PROBLEM TO WORK ON: With pictures excluded, copy word for word the lines in the data below from the line containing "2020 Honda CR-V" through the line containing "Button Down Sweater In Silver Birch".

MATERIAL FOR THIS TASK:
▽
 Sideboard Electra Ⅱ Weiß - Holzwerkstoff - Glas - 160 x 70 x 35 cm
△
▽
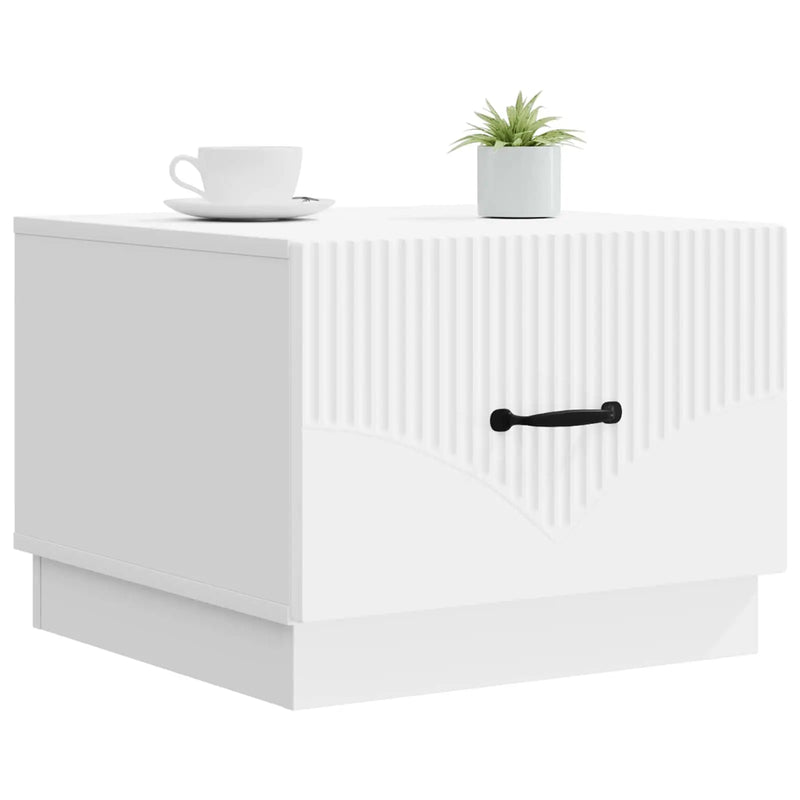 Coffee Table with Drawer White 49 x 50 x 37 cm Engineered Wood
△
▽
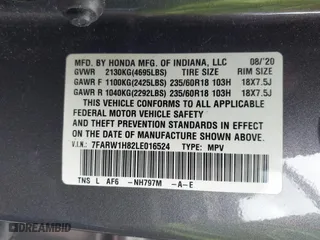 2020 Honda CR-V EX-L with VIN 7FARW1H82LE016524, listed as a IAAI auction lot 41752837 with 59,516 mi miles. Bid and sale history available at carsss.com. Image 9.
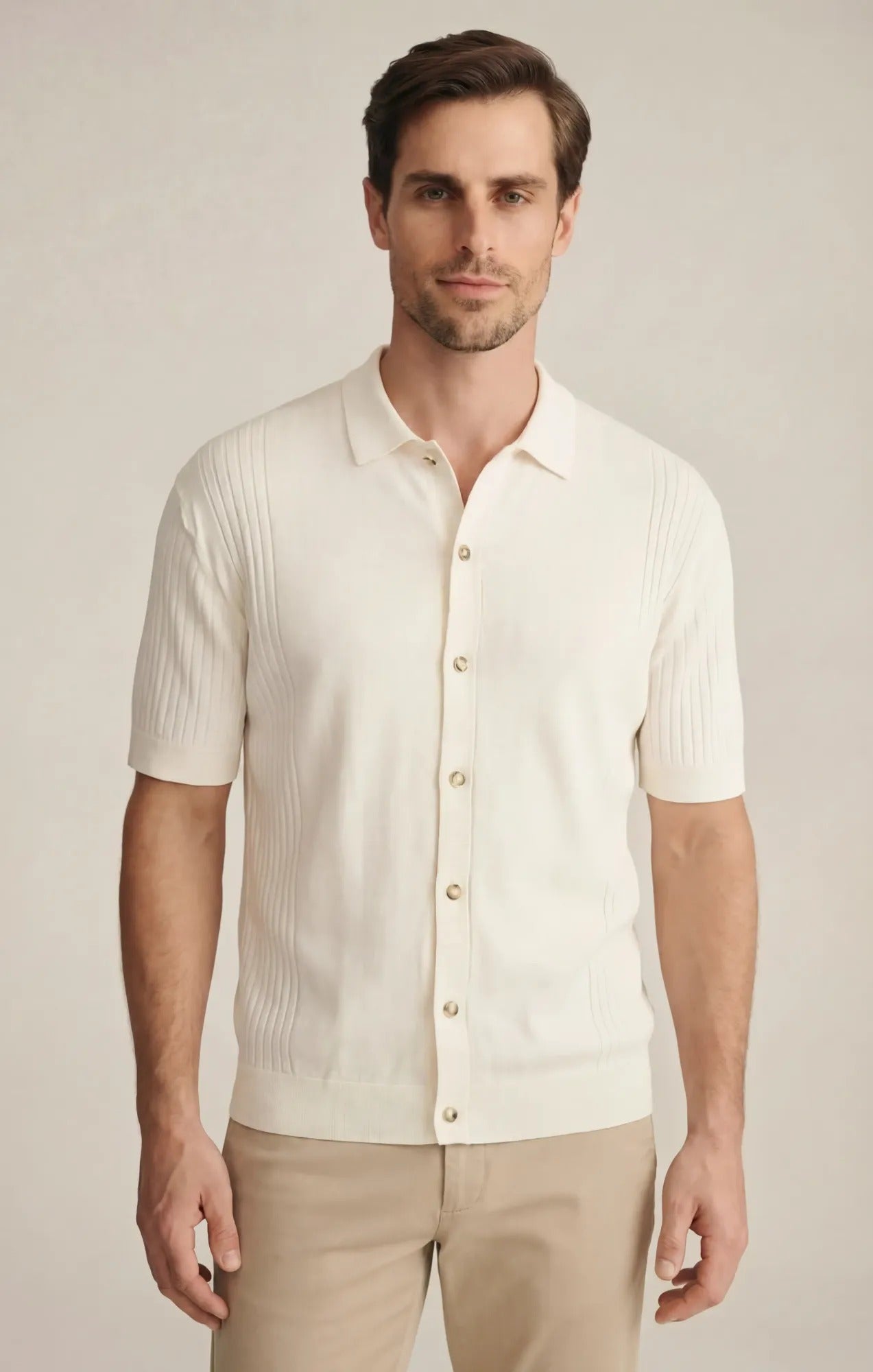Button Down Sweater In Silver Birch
△
YOUR RESPONSE:
 2020 Honda CR-V EX-L with VIN 7FARW1H82LE016524, listed as a IAAI auction lot 41752837 with 59,516 mi miles. Bid and sale history available at carsss.com. Image 9.
Button Down Sweater In Silver Birch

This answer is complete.